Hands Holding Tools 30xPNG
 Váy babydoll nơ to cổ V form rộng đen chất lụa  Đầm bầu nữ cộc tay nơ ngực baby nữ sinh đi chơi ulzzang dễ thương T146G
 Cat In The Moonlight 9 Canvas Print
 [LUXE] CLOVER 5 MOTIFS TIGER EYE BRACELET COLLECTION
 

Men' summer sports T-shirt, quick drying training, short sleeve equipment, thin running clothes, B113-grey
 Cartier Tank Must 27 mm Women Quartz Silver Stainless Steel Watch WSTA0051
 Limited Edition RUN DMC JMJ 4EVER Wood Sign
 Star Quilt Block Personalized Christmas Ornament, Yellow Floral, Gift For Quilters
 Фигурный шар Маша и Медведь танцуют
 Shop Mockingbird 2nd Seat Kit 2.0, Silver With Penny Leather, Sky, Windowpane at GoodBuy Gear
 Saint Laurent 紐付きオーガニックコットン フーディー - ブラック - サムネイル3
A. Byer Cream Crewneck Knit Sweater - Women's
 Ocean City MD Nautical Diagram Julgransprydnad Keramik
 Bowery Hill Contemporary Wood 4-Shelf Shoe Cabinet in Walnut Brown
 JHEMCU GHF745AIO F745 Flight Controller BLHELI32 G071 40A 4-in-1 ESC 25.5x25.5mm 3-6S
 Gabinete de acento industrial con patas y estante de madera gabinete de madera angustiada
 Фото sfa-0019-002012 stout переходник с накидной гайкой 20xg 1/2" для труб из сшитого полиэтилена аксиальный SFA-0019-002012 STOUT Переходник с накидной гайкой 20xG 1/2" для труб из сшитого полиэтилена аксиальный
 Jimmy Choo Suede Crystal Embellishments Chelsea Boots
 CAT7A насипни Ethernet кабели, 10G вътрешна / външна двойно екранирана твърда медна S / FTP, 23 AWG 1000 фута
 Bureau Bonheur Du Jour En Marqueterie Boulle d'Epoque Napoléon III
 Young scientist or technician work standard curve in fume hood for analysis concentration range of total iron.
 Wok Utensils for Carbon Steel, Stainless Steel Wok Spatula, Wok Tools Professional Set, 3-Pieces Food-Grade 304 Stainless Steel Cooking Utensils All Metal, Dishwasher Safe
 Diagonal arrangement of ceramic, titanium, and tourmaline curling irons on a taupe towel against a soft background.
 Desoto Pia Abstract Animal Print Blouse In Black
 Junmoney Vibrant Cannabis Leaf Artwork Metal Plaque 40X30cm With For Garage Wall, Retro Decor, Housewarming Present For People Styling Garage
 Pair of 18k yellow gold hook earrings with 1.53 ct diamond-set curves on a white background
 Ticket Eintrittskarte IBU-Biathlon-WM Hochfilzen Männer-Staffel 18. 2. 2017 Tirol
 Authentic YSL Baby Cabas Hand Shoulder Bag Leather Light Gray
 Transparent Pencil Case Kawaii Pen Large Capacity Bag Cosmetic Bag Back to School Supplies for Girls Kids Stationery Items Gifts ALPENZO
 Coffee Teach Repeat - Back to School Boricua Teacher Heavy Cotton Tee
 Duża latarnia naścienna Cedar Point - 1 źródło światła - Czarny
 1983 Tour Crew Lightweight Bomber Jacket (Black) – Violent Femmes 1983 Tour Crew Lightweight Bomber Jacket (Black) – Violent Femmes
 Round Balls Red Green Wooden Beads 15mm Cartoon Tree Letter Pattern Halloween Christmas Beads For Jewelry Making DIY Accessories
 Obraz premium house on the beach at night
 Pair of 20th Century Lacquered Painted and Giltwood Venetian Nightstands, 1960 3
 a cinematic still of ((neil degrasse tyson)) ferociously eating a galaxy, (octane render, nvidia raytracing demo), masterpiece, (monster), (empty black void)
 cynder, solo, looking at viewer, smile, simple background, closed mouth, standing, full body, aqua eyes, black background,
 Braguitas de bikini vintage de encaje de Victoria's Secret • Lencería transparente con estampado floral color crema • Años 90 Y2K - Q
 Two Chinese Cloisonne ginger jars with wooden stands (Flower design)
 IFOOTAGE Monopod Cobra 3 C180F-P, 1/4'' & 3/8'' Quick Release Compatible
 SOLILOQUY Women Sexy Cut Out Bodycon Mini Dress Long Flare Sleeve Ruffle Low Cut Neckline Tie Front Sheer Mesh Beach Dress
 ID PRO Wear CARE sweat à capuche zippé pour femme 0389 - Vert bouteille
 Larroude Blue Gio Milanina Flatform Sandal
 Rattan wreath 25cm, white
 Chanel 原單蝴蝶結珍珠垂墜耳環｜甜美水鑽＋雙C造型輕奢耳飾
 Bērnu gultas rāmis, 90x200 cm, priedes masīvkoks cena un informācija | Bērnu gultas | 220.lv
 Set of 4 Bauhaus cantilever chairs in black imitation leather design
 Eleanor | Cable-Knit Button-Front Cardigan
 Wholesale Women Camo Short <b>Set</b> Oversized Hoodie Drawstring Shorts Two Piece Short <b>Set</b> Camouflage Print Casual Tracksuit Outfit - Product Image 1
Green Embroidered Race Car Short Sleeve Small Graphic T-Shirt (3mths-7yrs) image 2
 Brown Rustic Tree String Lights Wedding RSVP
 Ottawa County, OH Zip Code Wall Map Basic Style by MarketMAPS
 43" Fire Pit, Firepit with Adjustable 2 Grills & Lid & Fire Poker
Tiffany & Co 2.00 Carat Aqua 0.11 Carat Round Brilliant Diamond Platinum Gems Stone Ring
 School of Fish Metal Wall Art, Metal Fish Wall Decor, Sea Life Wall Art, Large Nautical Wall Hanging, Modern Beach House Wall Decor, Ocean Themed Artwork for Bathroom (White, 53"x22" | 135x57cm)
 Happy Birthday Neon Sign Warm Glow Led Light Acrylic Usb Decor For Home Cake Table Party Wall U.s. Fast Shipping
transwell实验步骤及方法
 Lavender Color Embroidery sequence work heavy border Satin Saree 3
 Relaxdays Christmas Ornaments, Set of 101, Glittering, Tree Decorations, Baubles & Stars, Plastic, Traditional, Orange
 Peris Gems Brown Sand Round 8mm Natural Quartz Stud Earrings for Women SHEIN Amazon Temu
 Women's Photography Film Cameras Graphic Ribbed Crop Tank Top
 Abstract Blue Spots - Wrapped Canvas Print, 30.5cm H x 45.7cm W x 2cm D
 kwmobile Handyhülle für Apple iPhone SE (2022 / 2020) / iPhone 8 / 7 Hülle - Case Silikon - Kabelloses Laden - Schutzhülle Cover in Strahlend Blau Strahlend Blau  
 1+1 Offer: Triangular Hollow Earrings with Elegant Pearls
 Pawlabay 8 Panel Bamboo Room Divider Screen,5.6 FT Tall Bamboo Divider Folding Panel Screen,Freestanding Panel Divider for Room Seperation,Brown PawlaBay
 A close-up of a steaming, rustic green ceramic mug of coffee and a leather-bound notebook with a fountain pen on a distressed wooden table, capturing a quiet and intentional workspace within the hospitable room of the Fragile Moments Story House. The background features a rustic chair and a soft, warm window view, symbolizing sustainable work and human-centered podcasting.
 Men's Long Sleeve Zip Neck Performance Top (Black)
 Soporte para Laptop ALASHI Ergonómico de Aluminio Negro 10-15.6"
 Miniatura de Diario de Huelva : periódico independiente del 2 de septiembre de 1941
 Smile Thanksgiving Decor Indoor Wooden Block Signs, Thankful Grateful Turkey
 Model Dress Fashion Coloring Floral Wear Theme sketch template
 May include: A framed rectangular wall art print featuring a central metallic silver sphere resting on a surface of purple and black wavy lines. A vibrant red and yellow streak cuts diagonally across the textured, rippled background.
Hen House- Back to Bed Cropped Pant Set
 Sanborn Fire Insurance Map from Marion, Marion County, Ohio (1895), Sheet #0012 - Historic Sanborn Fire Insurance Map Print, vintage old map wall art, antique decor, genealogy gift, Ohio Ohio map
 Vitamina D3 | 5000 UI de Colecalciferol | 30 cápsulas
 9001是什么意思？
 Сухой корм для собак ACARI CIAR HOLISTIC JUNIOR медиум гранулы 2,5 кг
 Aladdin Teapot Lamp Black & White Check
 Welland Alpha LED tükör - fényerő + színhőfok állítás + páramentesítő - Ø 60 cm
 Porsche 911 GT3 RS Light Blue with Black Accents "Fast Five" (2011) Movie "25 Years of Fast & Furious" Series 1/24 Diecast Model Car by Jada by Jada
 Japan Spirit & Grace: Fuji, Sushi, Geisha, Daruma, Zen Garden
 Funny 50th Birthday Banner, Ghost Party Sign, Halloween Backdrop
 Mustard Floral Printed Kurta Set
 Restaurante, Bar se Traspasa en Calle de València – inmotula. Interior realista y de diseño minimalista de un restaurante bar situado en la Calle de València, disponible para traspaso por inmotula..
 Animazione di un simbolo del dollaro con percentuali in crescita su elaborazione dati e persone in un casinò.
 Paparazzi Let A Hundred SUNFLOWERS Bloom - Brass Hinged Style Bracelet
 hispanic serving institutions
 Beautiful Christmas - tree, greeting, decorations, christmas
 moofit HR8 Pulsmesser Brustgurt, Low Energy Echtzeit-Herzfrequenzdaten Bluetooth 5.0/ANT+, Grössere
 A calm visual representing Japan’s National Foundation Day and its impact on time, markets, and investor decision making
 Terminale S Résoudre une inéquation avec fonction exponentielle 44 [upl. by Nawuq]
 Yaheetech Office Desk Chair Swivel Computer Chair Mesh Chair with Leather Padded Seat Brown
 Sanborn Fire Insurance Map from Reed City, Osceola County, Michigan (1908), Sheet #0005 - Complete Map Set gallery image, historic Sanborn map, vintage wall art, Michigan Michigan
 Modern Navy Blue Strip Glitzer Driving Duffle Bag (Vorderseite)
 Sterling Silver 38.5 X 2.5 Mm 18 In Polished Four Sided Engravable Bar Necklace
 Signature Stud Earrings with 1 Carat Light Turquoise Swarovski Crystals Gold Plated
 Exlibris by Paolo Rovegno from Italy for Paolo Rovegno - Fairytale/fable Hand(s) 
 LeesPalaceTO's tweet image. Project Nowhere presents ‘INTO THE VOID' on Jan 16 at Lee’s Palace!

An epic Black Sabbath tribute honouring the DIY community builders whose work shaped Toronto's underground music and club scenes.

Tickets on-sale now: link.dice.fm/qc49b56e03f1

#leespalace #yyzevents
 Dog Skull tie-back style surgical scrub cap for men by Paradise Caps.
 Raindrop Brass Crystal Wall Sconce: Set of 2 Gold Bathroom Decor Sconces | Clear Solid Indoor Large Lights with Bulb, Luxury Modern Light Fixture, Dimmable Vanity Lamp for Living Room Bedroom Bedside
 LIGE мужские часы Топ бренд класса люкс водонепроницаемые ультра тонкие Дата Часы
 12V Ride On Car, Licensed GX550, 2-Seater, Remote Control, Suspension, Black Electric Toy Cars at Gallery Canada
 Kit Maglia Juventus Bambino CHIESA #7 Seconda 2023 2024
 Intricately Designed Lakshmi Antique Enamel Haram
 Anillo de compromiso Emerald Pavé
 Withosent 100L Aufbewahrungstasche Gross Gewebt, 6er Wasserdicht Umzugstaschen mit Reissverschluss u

Your task -
Count every line of the material that holds the string "soft", then give the total alone.

Solution to the problem -
2